These events have already become legend among Ramallah residents, although the Palestinian press, while showering the incident in anodyne affirmations of religious harmony, has skirted its many other implications. The violence was certainly an embarrassment to the Palestinian Authority, for whom sectarianism remains a sensitive issue, particularly during this fractious period. Arafat has always staunchly upheld his status as the leader of a historically secular nationalist movement, courting Christian institutions in Jerusalem and Bethlehem, and encouraging references to the fact that his wife Suha, the First Lady of the Palestinians, is a Christian. So far, he has been largely successful; yet in the context of the growing lawlessness that has enveloped Palestinian society during the Intifada, family and village conflicts are frequent, and sometimes they erupt along sectarian lines. Many local Christians express feelings of insecurity as members of an ever-shrinking minority in a place where militant groups and gangs operate out of sight of the central authority.

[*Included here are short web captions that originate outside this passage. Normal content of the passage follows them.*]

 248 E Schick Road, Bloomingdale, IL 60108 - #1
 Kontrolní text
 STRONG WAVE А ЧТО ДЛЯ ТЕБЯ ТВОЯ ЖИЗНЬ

Not surprisingly, these insecurities have multiplied over the past weeks. Word has it that on the night of the riot, the mostly Christian residents of the nearby village of Bir Zeit—the butcher’s hometown—took to their rooftops with what guns they could find, nervously awaiting the arrival of youths from Kalandia. As it turned out, the violence reaped only one more victim in the ensuing days: the butcher’s elderly father, who died of a heart attack upon learning that his son had become a murderer, and his family the quarry of a rioting mob. The reluctance of Palestinian officialdom and newspapers to debate these fears openly aroused suspicion among some local Christians. There may, indeed, be a certain defensiveness about washing the dirty laundry of domestic politics under the eyes of the Western media: Israeli government spokesmen and newspapers have a habit of highlighting purportedly sectarian tensions in the nearby Palestinian town of Bethlehem.

But this is not the end of it. It is widely acknowledged that the Palestinian police failed to intervene in the destruction; one rumour holds that a local senior police commander with ties to Kalandia actually gave his tacit approval to the incursion, allowing the rioters to pass police barricades on the road leading up to Ramallah from the camp. Many Christians heard this with a mixture of anxiety and confusion, which only deepened when it later emerged that a number of the people involved were local recruits of the Palestinian security forces—a complication that has proved doubly embarrassing for Arafat. But if the violence has starkly revealed the limits of his authority, even in Ramallah, it more fundamentally exposes the PA’s inability to deal with the economic and political frustrations that have accumulated over the course of the Intifada. Arafat’s already much mistrusted government has grown increasingly remote from its constituencies over the past year—and especially from the embattled refugee population. Most Palestinians seek justice anywhere but with the PA, if they can—even when they themselves formally belong to it. And when the band from Kalandia wreaked their own form of retribution on the streets, it was along the broadest possible lines—the deep well of socio-economic difference here laced with a sectarian streak.